TASK INSTRUCTIONS: Only an exact repetition of the lines from the one holding "Pumpkin mug set with holder" to the end of the data is wanted, with pictures left out.

** Opening DATA RECORDS block **

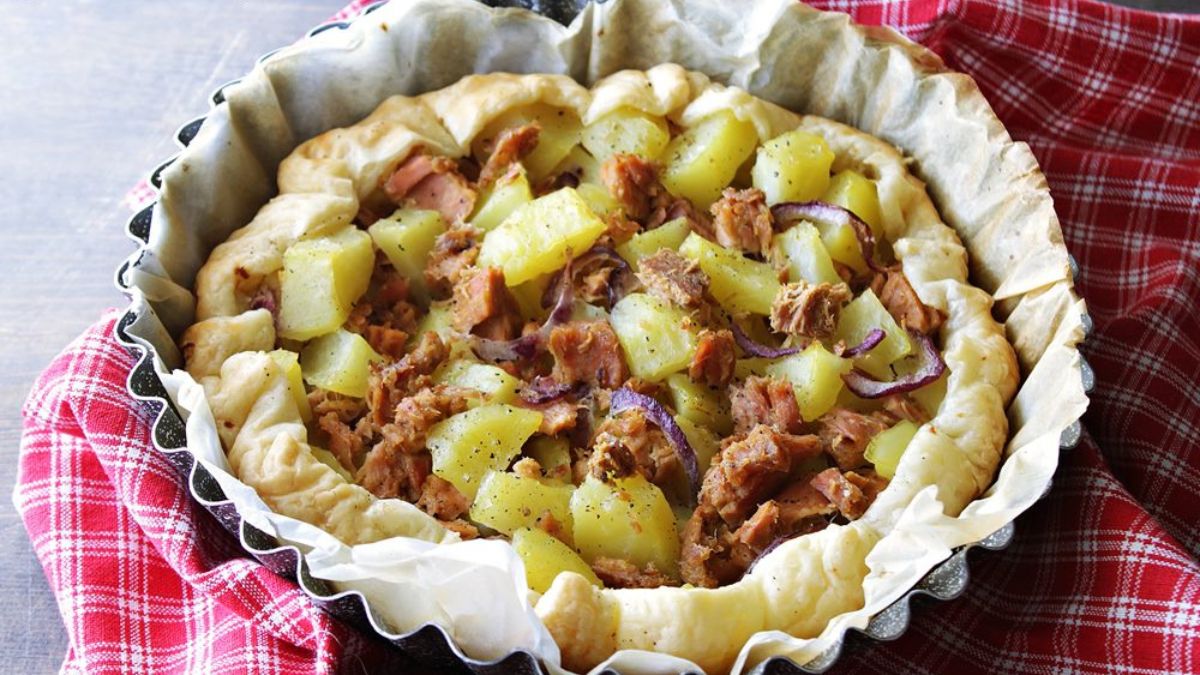 Tarte au thon, pommes de terre et oignons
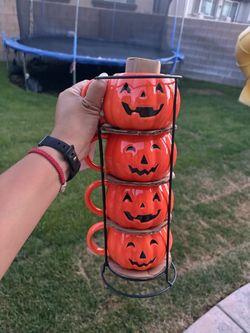 Pumpkin mug set with holder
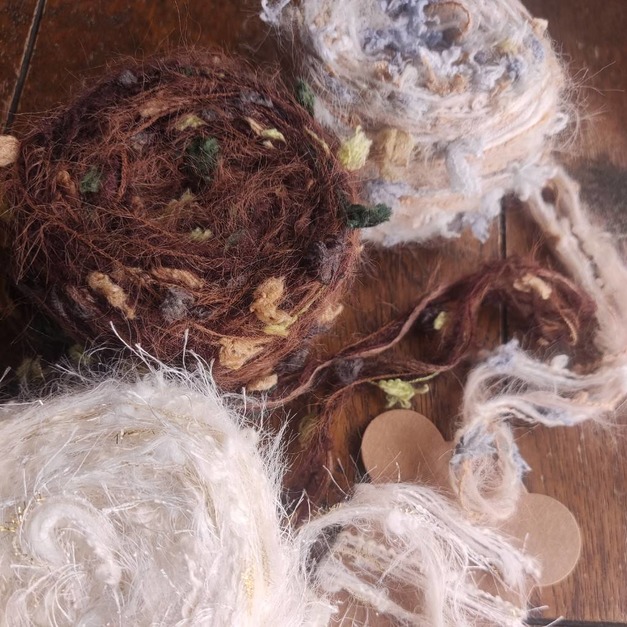 手混線 | 森林裡的下午茶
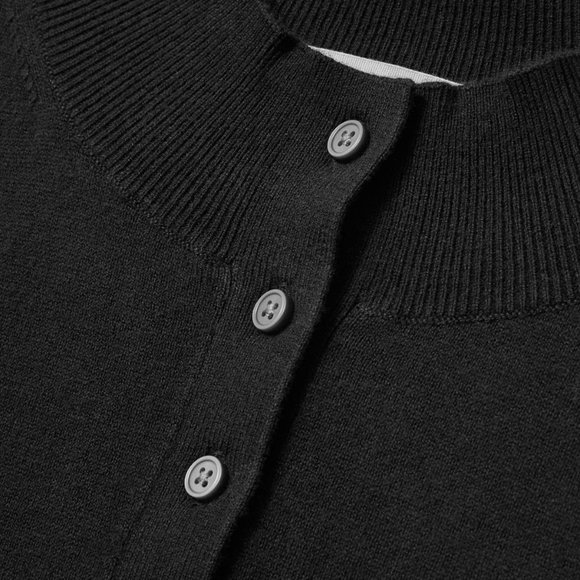 LIKE NEW Everlane Black Organic Button Mockneck! - Picture 7 of 14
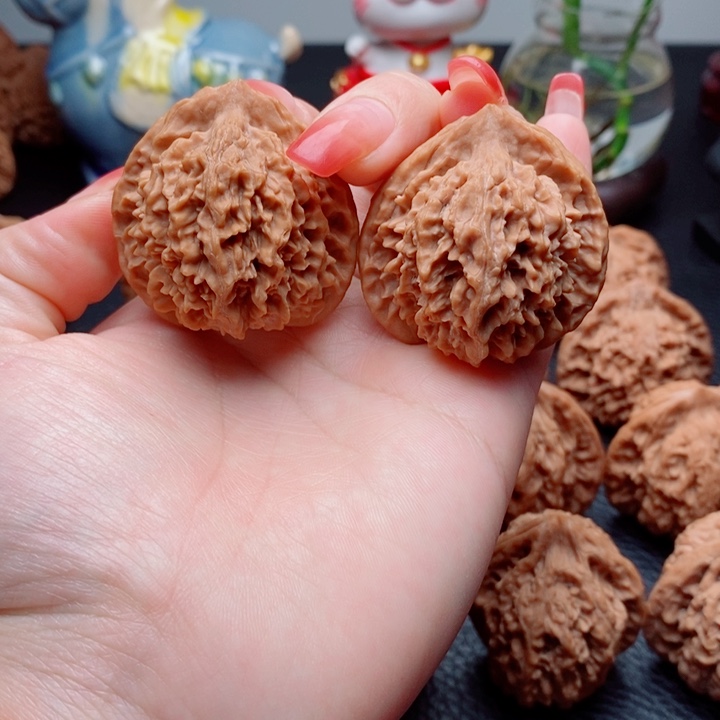 文玩核桃把件皇冠40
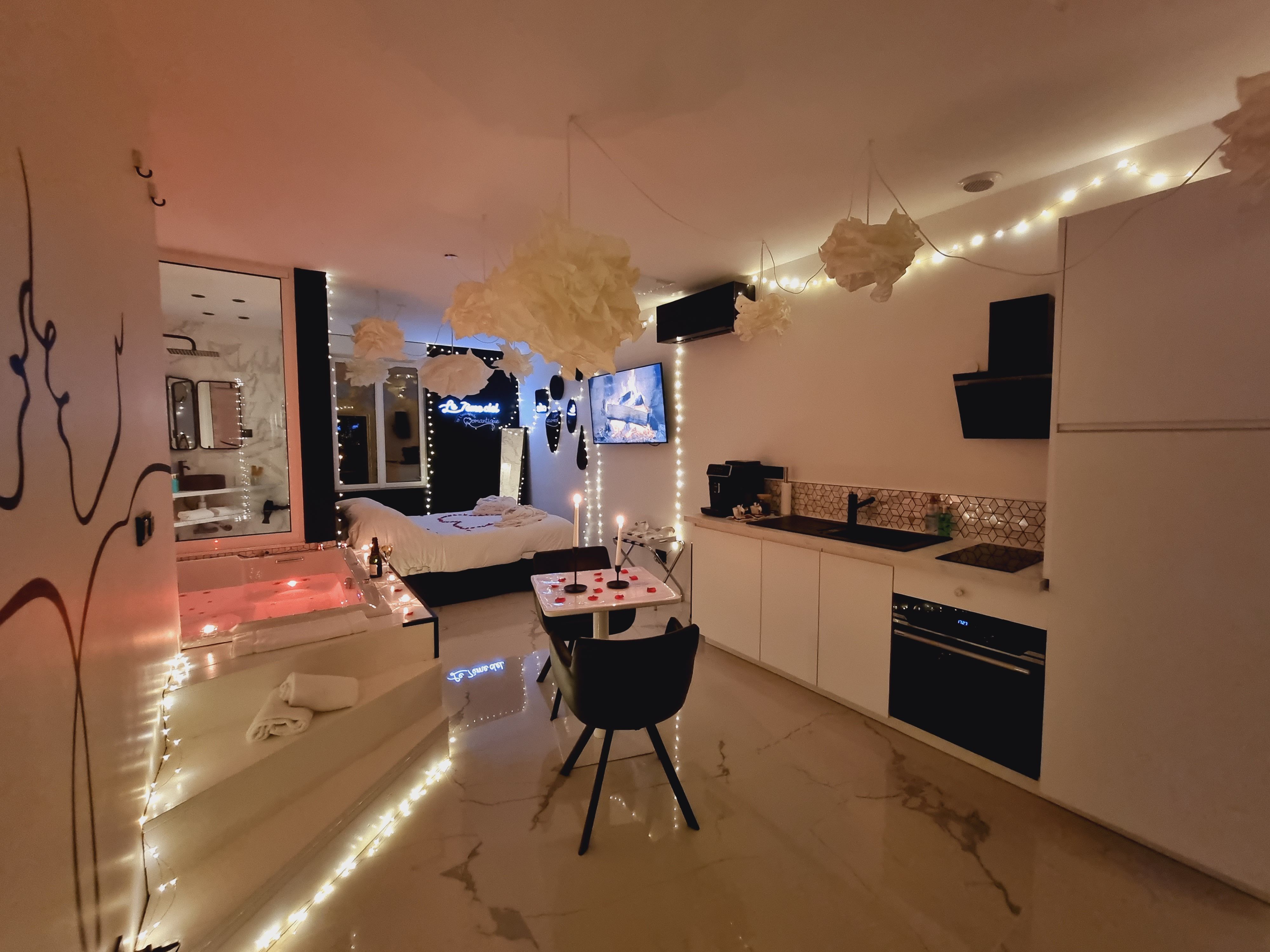 Vue d'ensemble - Le 7e Ciel - L'Escapade Romantique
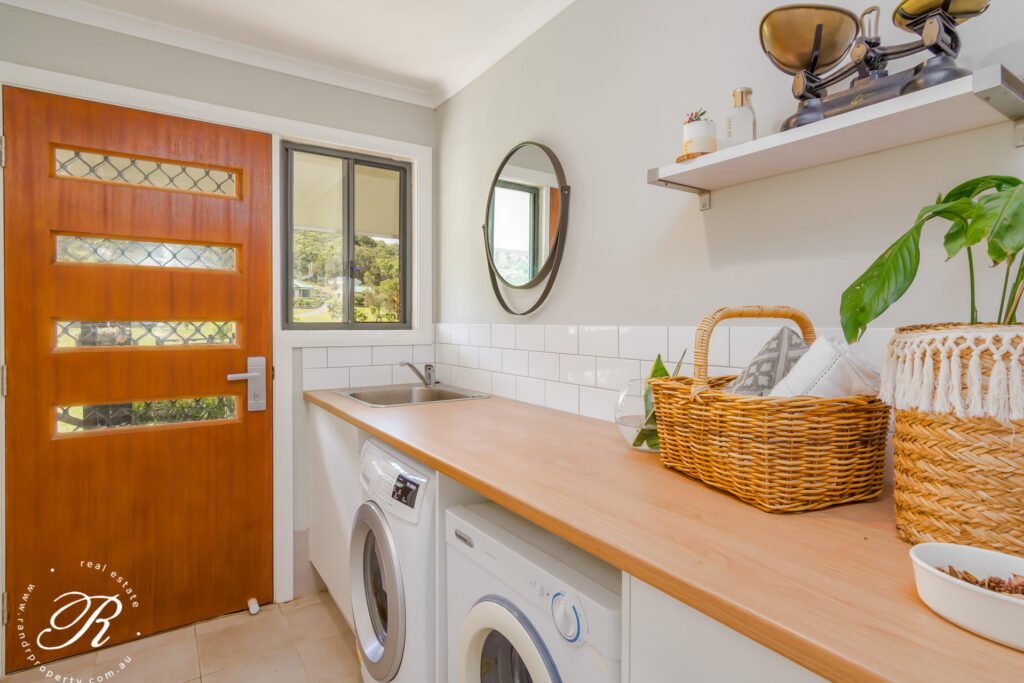 72 Suncrest Close, Bulahdelah, NSW 2423 AUS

** Closing DATA RECORDS block **

RESPONSE BOX:
 Pumpkin mug set with holder
 手混線 | 森林裡的下午茶
 LIKE NEW Everlane Black Organic Button Mockneck! - Picture 7 of 14
 文玩核桃把件皇冠40
 Vue d'ensemble - Le 7e Ciel - L'Escapade Romantique
 72 Suncrest Close, Bulahdelah, NSW 2423 AUS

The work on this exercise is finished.